Qualität steht auch beim Salzburger Hygienespezialisten Hagleitner für einen ganzheitlichen Denkansatz, der Prozesse und  Kommunikation – extern wie intern – einschließt. »Qualität soll nachhaltig gesichert sein. Darum haben wir sie auch in den Unternehmenswerten verankert – neben Tradition, Innovation und Begeisterung«, sagt Ernst Brunner, Geschäftsführer der Hagleitner Hygiene International GmbH. »Doch im Mittelpunkt steht immer der Mensch. Er ist die verbindende Klammer.«

Zukunftssichere Systeme

Die steigenden Qualitätsanforderungen setzen alle Branchen gleichermaßen unter Druck. Laut einer Studie der Managementberatung A.T. Kearney besteht ein Risiko von 215 Milliarden US-Dollar durch wachsende Qualitätskosten in der Automobil-, Industriegüter- und Konsumgüterindustrie. Haupttreiber für die zunehmende Anzahl von Qualitätsproblemen seien ein erhöhter Software-Anteil, gestiegene Produktkomplexität, global vernetzte Wertschöpfungsketten und stark verkürzte Produkteinführungszeiten. Die Ergebnisse sind alarmierend: Die Hälfte der befragten Führungskräfte geht davon aus, dass kundenrelevante Qualitätsprobleme in den nächsten zehn Jahren weiter zunehmen werden. Ebenso jeder Zweite berichtet von abnehmender Wirksamkeit der Standard-Qualitätsverfahren. Stephan Krubasik, Partner bei A.T. Kearney, plädiert deshalb für einen »neuen Qualitätsmanagement­ansatz Qualität 4.0«. Um Qualitätssysteme zukunftssicher aufzustellen, sollten diese präventiver ausgerichtet sein und bereits bei der Produktkonzeption ansetzen.

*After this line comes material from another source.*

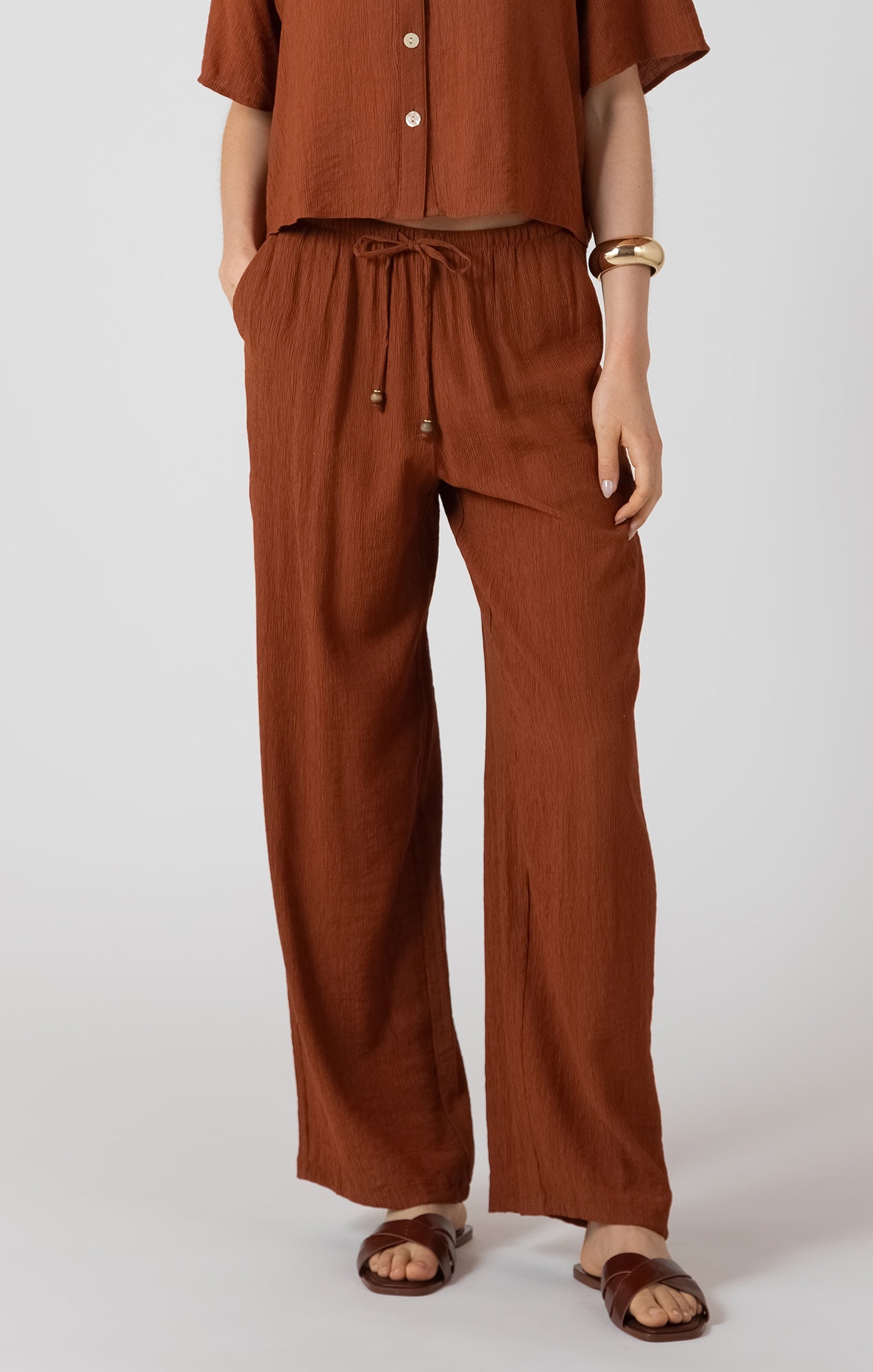 burnt sienna wide leg pants, burnt sienna trousers women, rust wide leg pants outfit, terracotta wide leg trousers, relaxed drawstring waist pants women, earthy tone summer trousers, wide leg casual pants women, rust linen look pants women, relaxed fit trousers women outfit, neutral earth tone clothing women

76 % der Führungskräfte bewerten zwar innovative Qualitätsmethoden als durchaus positiv, eingesetzt werden diese, wie etwa der »Social Media Radar« zur Identifizierung von Handlungsfeldern, bislang aber nur in einem Drittel der Unternehmen. Eine ähnliche Diskrepanz gibt es bei Methoden zur Qualitätssteigerung in der gesamten Lieferkette. Gerade durch den technologischen Wandel eröffnen sich jedoch derzeit große Chancen, so Krubasik: »Für Themen wie Elektromobilität, Autonomes Fahren und Industrie 4.0 werden die Qualitätschampions von morgen erst noch gekürt. Der richtige Zeitpunkt, das eigene Unternehmen hier optimal aufzustellen, ist jetzt.«

Null-Fehler-Mitarbeiter

Die Mindestanforderungen zu erfüllen, genügt nicht mehr, um im globalen Wettbewerb bestehen zu können. Viele Traditionsbetriebe, aber auch unzählige innovative Start-ups zeigen mit ihrem Qualitätsanspruch, wie es gelingt, mit Exzellenz über sich hinauszuwachsen und die Wünsche und Anforderungen der Kunden sogar zu übertreffen.

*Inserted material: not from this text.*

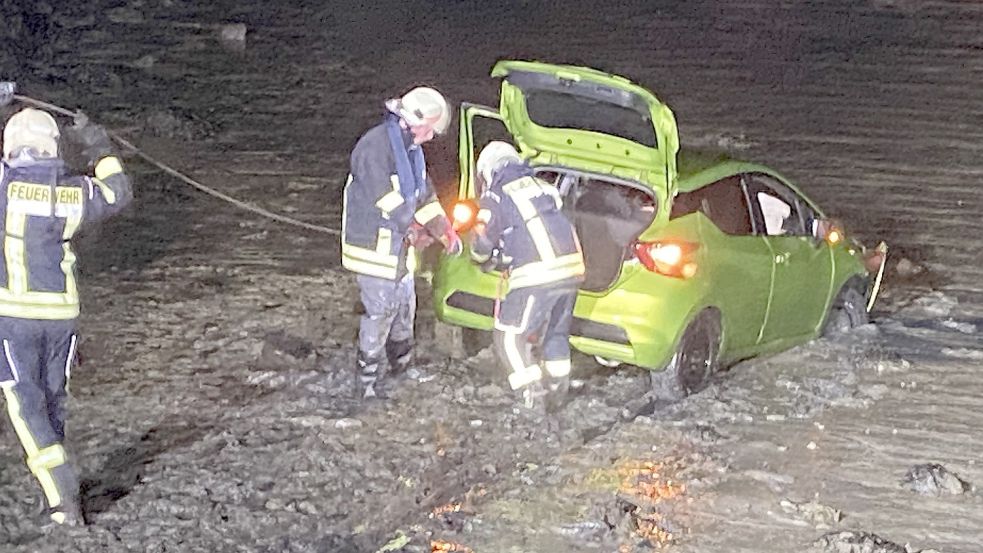 Feuerwehrleute bargen das Fahrzeug aus dem Watt. Fotos: Siebels/Feuerwehr Dornum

Der entscheidende Faktor sind Mitarbeiterinnen und Mitarbeiter, die dieses Engagement mittragen. »Es ist wie bei einem Funken: Er muss überspringen. Und strukturierte sowie nachhaltige Wissensvermittlung tut ihr Übriges«, bestätigt Hagleitner-Geschäftsführer Brunner.

Qualität ist für Kunden selbstverständlich geworden. Erst Beschwerden über Mängel rufen wieder in Erinnerung, welchen Stellenwert gute Produkte und Dienstleistungen haben. Professionelles Qualitätsmanagement auf die Suche nach Fehlern zu reduzieren, ist längst überholt, wenngleich unzählige Normen, Zertifizierungen, Kontrollsysteme und Produkttests diese Intention heute nahelegen.

Doch wie lässt sich die geforderte Standardisierung von Abläufen mit dem Wunsch nach kreativen Freiräumen vereinbaren?

Widerspricht nicht die konsequente Disziplin der Qualitätsmanagement-Systeme dem flexiblen Denken und Handeln, das dem einzelnen Mitarbeiter autonome Entscheidungsspielräume zugesteht?

Einig sind sich Experten in der Ausrichtung: Nicht der Null-Fehler-Mitarbeiter, der aus Angst nichts Neues mehr wagt, ist das Ziel. Vielmehr muss das Streben nach Verbesserung im Vordergrund stehen. Wer den Faktor Mensch nicht als Schwachstelle, sondern als Ideenquelle begreift, die zwar manchmal auch Sand ins Getriebe spült, ansonsten aber frisch und belebend wirkt, ist auf dem besten Weg zu einer innovativen QM-Kultur.